Elle tourna la tête aux propos de l’âme de Faern’aral, et éprouva à nouveau l’absence du symbole à son doigt. Les symboles avaient leur importance, qu’ils soient matériels ou non. Toute l’histoire en était jonchée : les gens mourraient pour les symboles aussi volontiers que pour leurs pères et mères. Combien de personnes seraient prêtes à mourir pour retrouver la Sphère de Vie et assurer ainsi à leur héritage une vie pérenne ? Tout comme Yvan Iphurnus avait été prêt à mourir pour venger la destruction du Calice de Saléos. Elle espérait qu’il s’en souviendrait.
« Ces liens m’honorent, ainsi que l’école de magie. Votre ordre a pérennisé des années durant et vous demeurez ceux qui réussirent à se défaire de la plaie qu’est la corruption. Leur rareté fait leur valeur. »
Bons, comme mauvais, avaient besoin de ces symboles. Eldarion pouvait représenter celui d’un renouveau pour la guilde des chasseurs de mages. Elle l’observa écarter le pan de la tente, avant de lever les yeux vers lui.
« Puisse le retour dans votre ville être sans tumulte, je vous ferais parvenir une bouteille d'hydromel que seul Cirel est en mesure de produire pour sceller à nouveau notre accord. Et peut-être que l'occasion se présentera de venir le boire à Trigorn, cette fois. » Son regard bleu s'irradia d'une légère lueur amusée « C'était un plaisir de vous recevoir, Brunehilde. »
« Il le sera. Je la conserverai jusqu’à ce que vous trouviez la route de Trigorn. Merci pour votre accueil et votre présence. » Elle inclina la tête, laissant son mouvement signifier ce qu’elle ne révéla pas. Il serait sans doute déjà trop tard lorsqu’il viendrait.
Elle sortit de la tente et s’éloigna du camp, resserrant sa prise sur le pommeau de sa flamberge, la magie répondit comme à son habitude avec une impatience qui se mêlait à son calme apparent.
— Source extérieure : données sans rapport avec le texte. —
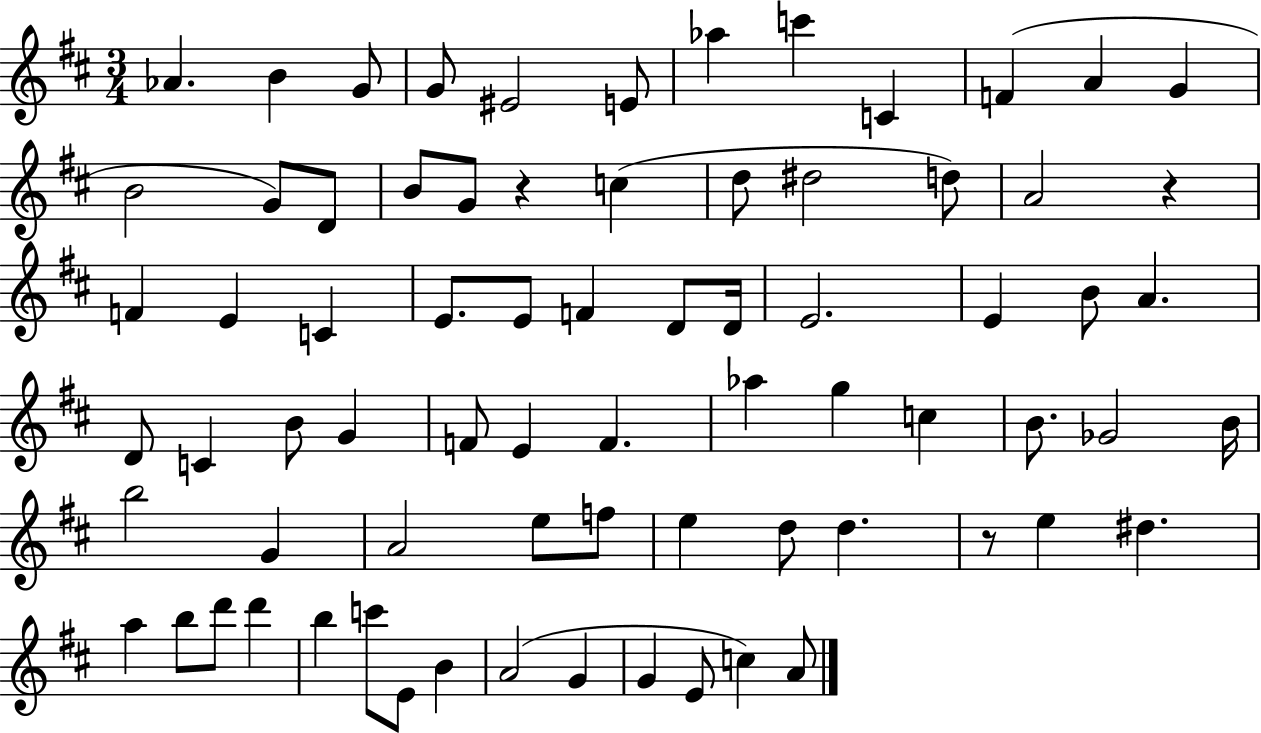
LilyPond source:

{
  \clef treble
  \numericTimeSignature
  \time 3/4
  \key d \major
  aes'4. b'4 g'8 | g'8 eis'2 e'8 | aes''4 c'''4 c'4 | f'4( a'4 g'4 | \break b'2 g'8) d'8 | b'8 g'8 r4 c''4( | d''8 dis''2 d''8) | a'2 r4 | \break f'4 e'4 c'4 | e'8. e'8 f'4 d'8 d'16 | e'2. | e'4 b'8 a'4. | \break d'8 c'4 b'8 g'4 | f'8 e'4 f'4. | aes''4 g''4 c''4 | b'8. ges'2 b'16 | \break b''2 g'4 | a'2 e''8 f''8 | e''4 d''8 d''4. | r8 e''4 dis''4. | \break a''4 b''8 d'''8 d'''4 | b''4 c'''8 e'8 b'4 | a'2( g'4 | g'4 e'8 c''4) a'8 | \break \bar "|."
}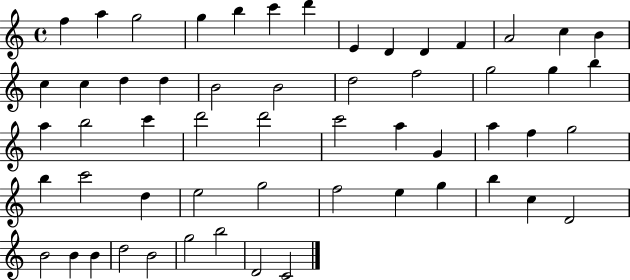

Des décennies à parfaire son contrôle, à ne jamais lancer des sorts majeurs pour ne plus entendre le chant du pouvoir résonner à ses oreilles, mais elle était désormais prête à faire ce qu’il fallait pour protéger les siens et détruire Amecareth Iphurnus. Il était la peste, contaminait tout ce qu’il touchait pour en faire des monstres dénués de sentiments. Aleister en souffrait et peinait chaque jour un peu plus à lutter contre son influence. Un jour, il serait trop tard. Mais cette vermine continuait inlassablement de se terrer dans un des trous sordides que même Nagash aurait répudié.
Le dragon espérait qu’il s’en souviendrait, pour tuer le monstre, il lui faudrait en devenir un. Et si elle devait périr au fil d’une arme, elle voulait que ce soit celle de l’âme de Faern’aral.